** THE INPUT follows **

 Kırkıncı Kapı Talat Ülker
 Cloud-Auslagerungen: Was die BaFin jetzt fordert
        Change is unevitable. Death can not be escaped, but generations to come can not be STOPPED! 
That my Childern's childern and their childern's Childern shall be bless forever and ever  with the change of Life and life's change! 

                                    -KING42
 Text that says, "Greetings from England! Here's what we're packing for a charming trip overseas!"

** End of THE INPUT **
** THE INPUT follows **

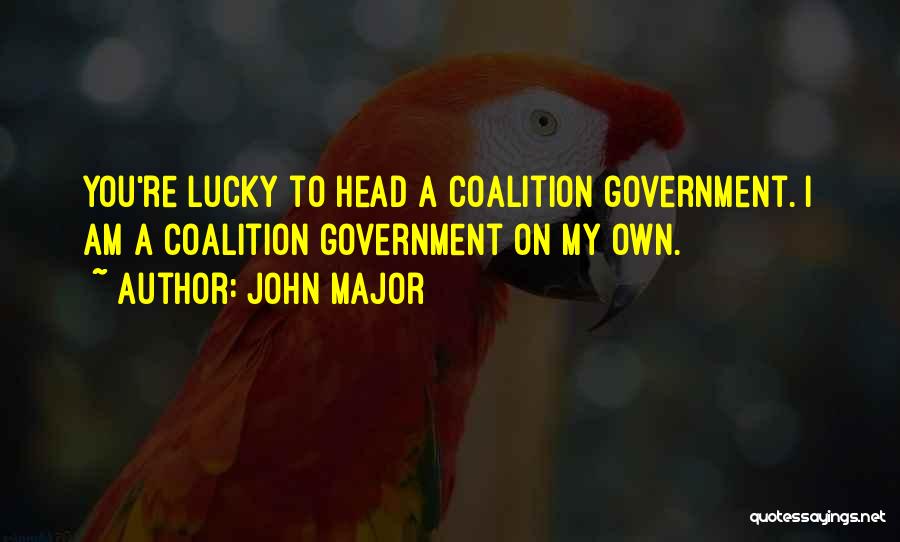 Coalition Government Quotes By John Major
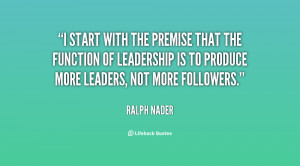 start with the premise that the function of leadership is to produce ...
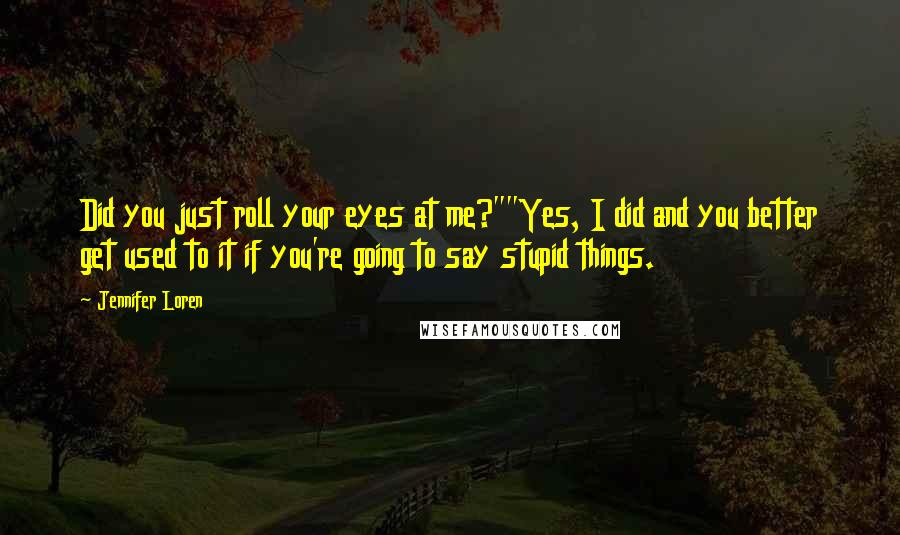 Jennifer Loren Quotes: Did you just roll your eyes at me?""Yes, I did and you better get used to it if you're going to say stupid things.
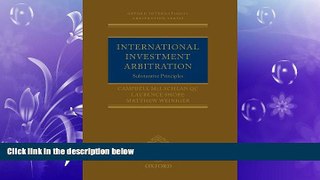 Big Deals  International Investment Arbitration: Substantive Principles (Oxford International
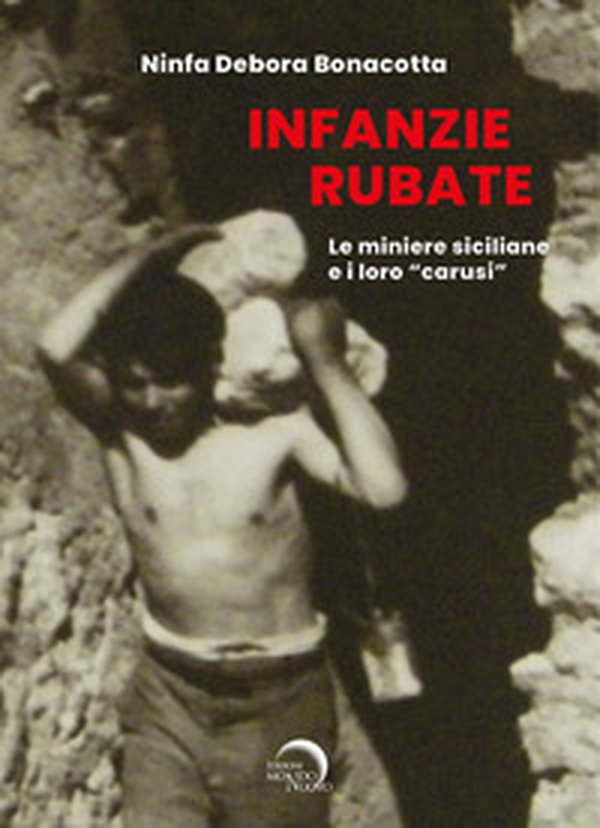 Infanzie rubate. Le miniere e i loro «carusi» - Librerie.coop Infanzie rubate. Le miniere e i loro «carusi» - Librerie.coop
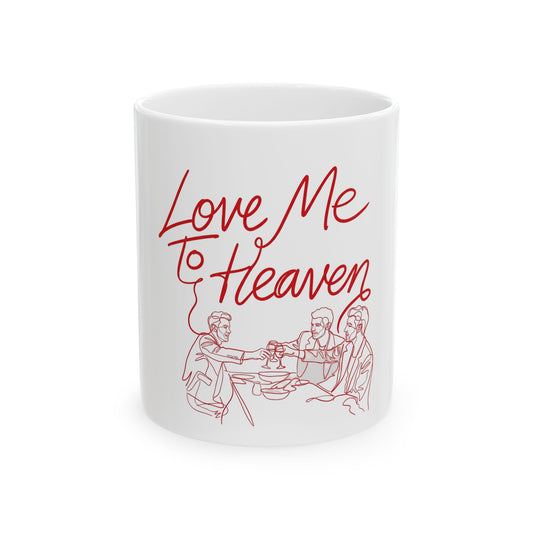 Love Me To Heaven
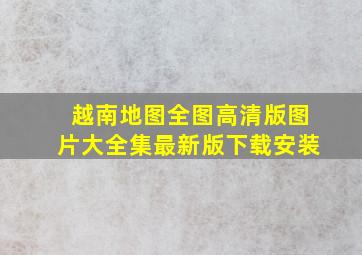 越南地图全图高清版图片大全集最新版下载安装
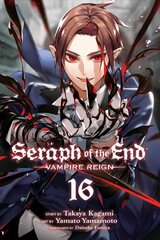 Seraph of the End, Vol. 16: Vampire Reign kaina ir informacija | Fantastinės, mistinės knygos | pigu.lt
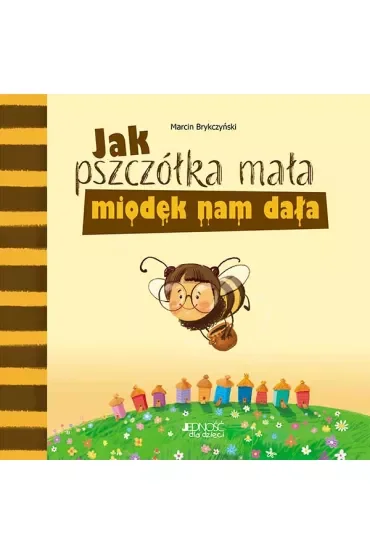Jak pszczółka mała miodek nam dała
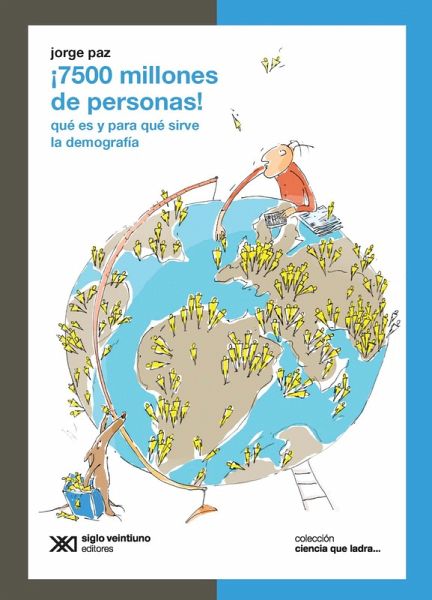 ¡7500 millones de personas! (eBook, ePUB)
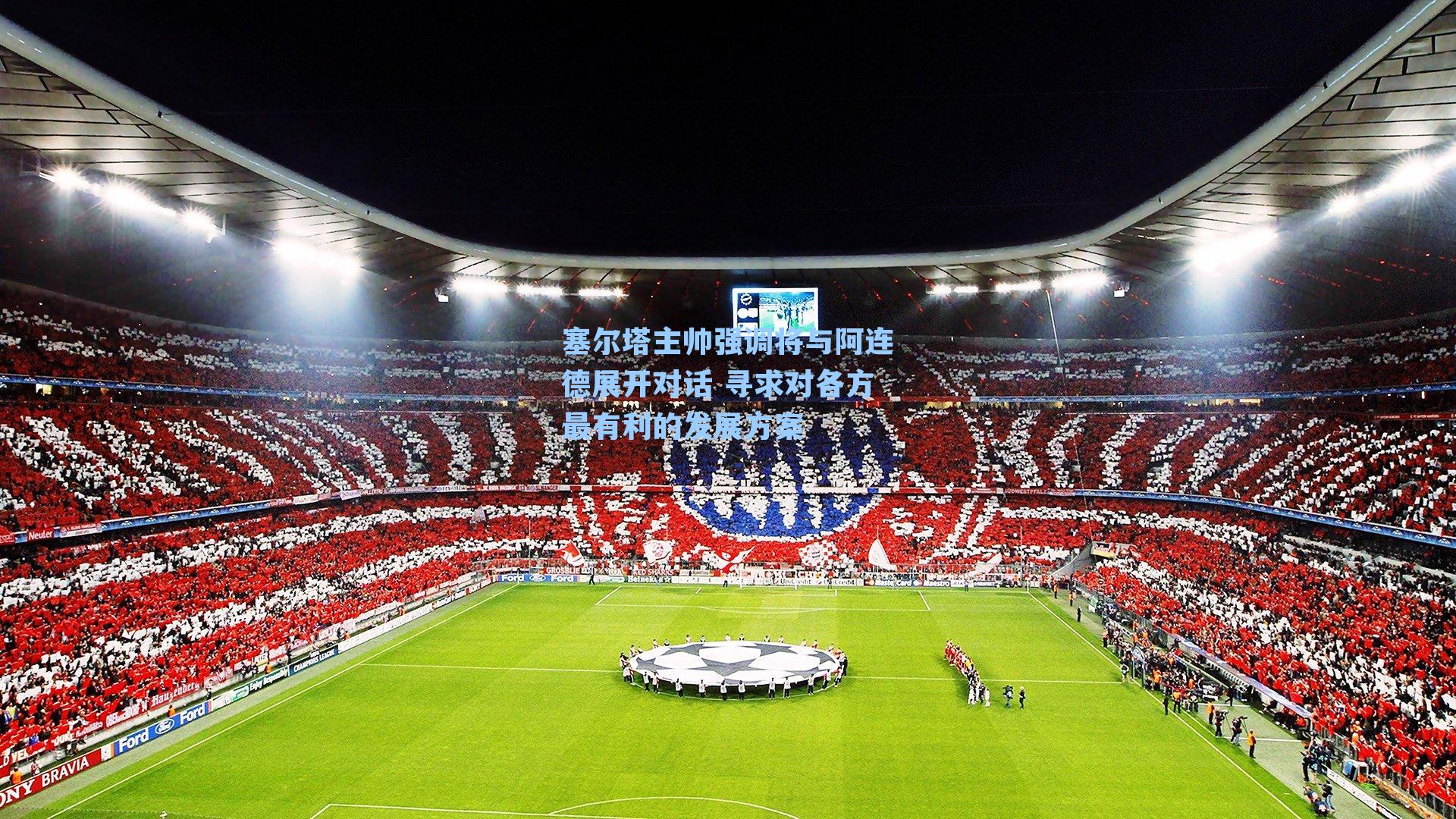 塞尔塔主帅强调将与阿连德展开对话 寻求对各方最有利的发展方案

** End of THE INPUT **

**HOW TO COMPLETE THIS TASK**
Above are the records; copy from them only the lines starting at the one containing "Principles (Oxford International" and ending at the one containing "塞尔塔主帅强调将与阿连德展开对话 寻求对各方最有利的发展方案", exactly and without pictures.

**TASK RESPONSE**
 Big Deals  International Investment Arbitration: Substantive Principles (Oxford International
 Infanzie rubate. Le miniere e i loro «carusi» - Librerie.coop Infanzie rubate. Le miniere e i loro «carusi» - Librerie.coop
 Love Me To Heaven
 越南地图全图高清版图片大全集最新版下载安装
 Seraph of the End, Vol. 16: Vampire Reign kaina ir informacija | Fantastinės, mistinės knygos | pigu.lt
Jak pszczółka mała miodek nam dała
 ¡7500 millones de personas! (eBook, ePUB)
 塞尔塔主帅强调将与阿连德展开对话 寻求对各方最有利的发展方案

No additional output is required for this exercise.